Peptide-Mediated Regulation of Allergic Diseases

  • Charlotte Hetzel
  • Gerard F. Hoyne
  • Nanna M. Kristensen
  • Timothy Bourne
  • Daphne Tsitoura
  • Jonathan R. Lamb


Allergic disorders such as asthma and atopic dermatitis are the result of inappropriate immune responses to environmental allergens, particularly those derived from house dust mites, pollens, animal dander, fungal spores, insect venom and certain foods.
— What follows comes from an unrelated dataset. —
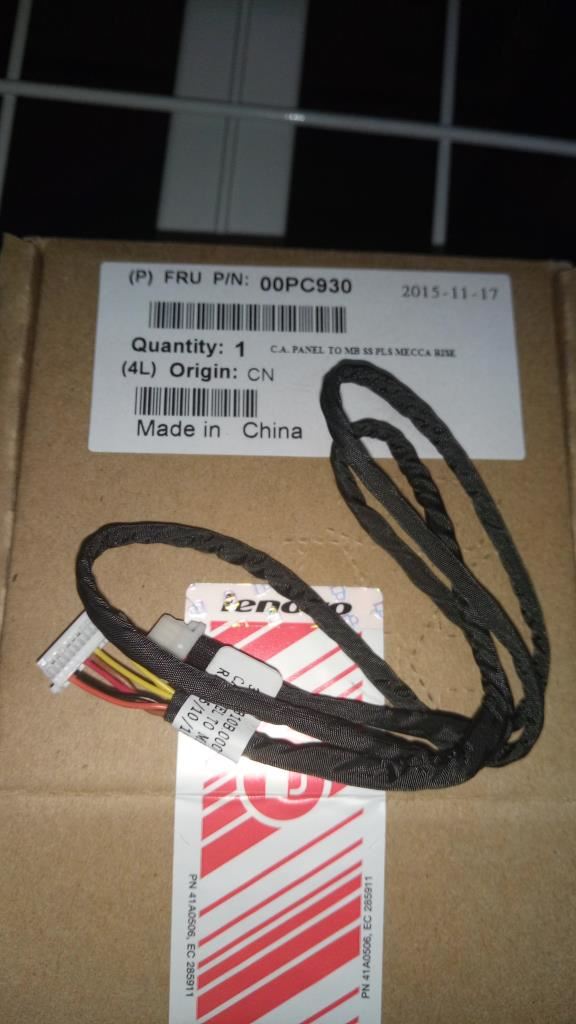 Lenovo C.A. PANEL_TO_MB_SS_M700z Cable 00PC930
An estimated 10 to 20% of the population of developed countries suffer from allergies, resulting in significant impairment of their quality of life.1 The allergic response is characterized by an over production of specific IgE antibody and the activation and infiltration of eosinophils, basophils and mast cells which release a spectrum of inflammatory mediators.2 Traditional allergen immunotherapy, which involves a series of injections of allergen extract, has proved beneficial in a limited number of disorders, notably bee venom allergy and allergic rhinitis due to grass and tree pollens and ragweed.3 However, the mechanisms of immunotherapy are poorly understood and, particularly in the case of inhalant allergens, are of limited efficacy, with variable clinical outcomes.4 There remains a need for safe and effective strategies of allergy therapy and a clearer understanding of the mechanisms involved.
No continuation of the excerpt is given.